*** Opening Records for this exercise ***
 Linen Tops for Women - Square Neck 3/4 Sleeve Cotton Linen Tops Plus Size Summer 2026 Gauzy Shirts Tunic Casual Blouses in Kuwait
*** Closing Records for this exercise ***
*** Opening Records for this exercise ***
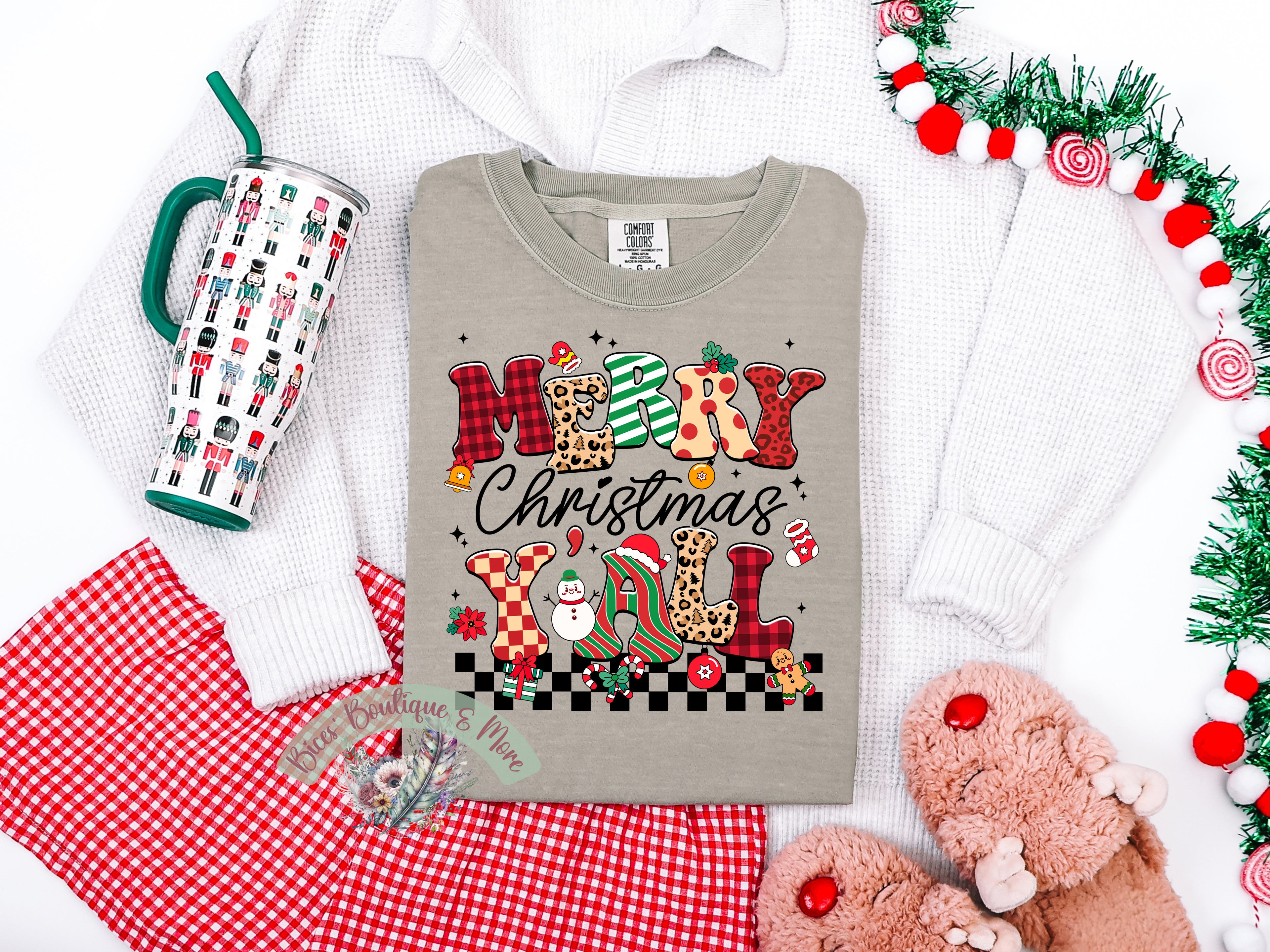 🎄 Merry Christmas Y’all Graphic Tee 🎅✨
*** Closing Records for this exercise ***
*** Opening Records for this exercise ***
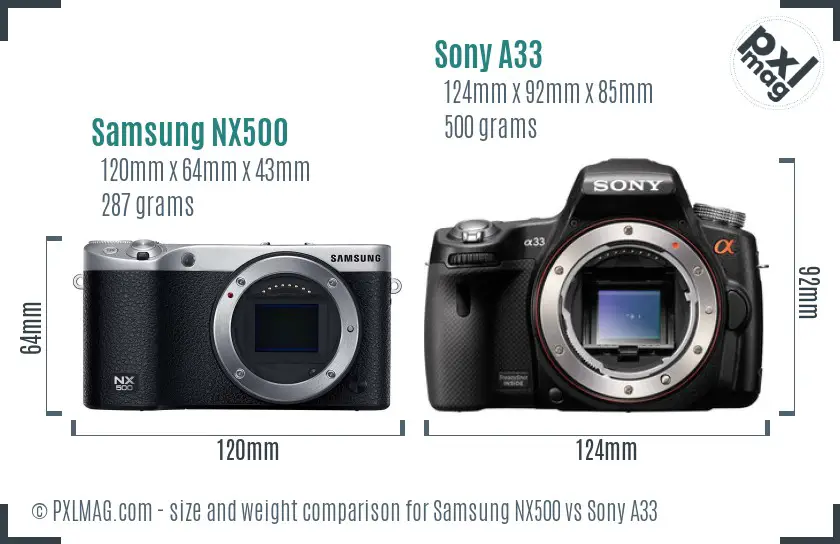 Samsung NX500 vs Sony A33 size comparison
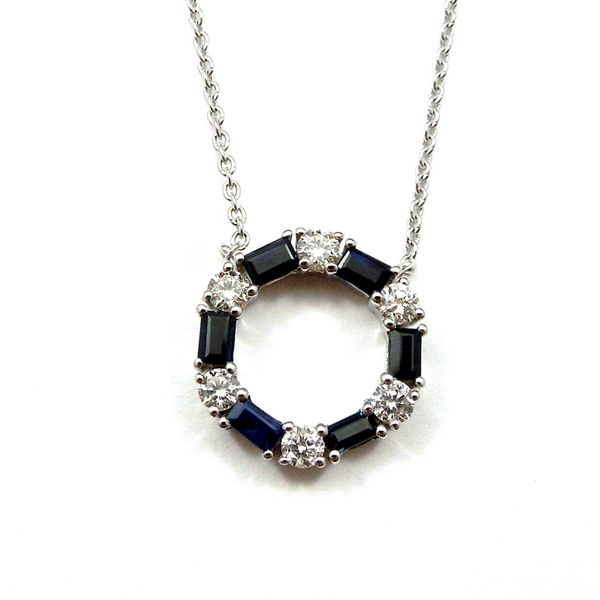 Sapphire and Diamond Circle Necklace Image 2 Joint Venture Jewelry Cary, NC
*** Closing Records for this exercise ***
**The problem**
Excluding any pictures, print exactly the lines of the listing above from the line with "Samsung NX500 vs Sony A33 size comparison" to the line with "Sapphire and Diamond", both ends included.

**Output**
 Samsung NX500 vs Sony A33 size comparison
 Sapphire and Diamond Circle Necklace Image 2 Joint Venture Jewelry Cary, NC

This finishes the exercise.